[Caption-style text data]
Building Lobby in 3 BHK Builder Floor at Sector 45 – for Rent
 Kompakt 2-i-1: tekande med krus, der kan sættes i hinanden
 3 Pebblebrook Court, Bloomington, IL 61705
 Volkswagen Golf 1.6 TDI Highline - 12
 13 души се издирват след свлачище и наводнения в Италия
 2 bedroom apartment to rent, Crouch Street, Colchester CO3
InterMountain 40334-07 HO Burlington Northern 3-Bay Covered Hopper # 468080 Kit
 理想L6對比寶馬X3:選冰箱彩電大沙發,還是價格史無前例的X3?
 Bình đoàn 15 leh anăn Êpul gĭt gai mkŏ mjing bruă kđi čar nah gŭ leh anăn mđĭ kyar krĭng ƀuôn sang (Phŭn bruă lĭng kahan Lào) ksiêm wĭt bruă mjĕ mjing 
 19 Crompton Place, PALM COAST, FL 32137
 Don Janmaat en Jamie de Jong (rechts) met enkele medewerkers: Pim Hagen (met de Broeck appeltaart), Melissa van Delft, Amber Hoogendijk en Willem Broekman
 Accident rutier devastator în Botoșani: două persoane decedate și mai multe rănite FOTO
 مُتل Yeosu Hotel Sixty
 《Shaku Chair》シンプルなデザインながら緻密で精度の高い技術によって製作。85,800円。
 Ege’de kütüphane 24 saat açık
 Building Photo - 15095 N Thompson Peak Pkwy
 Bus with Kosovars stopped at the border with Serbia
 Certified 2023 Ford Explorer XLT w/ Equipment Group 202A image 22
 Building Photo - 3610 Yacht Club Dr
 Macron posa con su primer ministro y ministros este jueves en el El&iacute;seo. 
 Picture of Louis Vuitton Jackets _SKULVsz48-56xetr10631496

→ INSTRUCTIONS TO FOLLOW: Find every line of the data that includes the string "Building". Copy each of those lines.

→ TASK RESULT:
Building Lobby in 3 BHK Builder Floor at Sector 45 – for Rent
 Building Photo - 15095 N Thompson Peak Pkwy
 Building Photo - 3610 Yacht Club Dr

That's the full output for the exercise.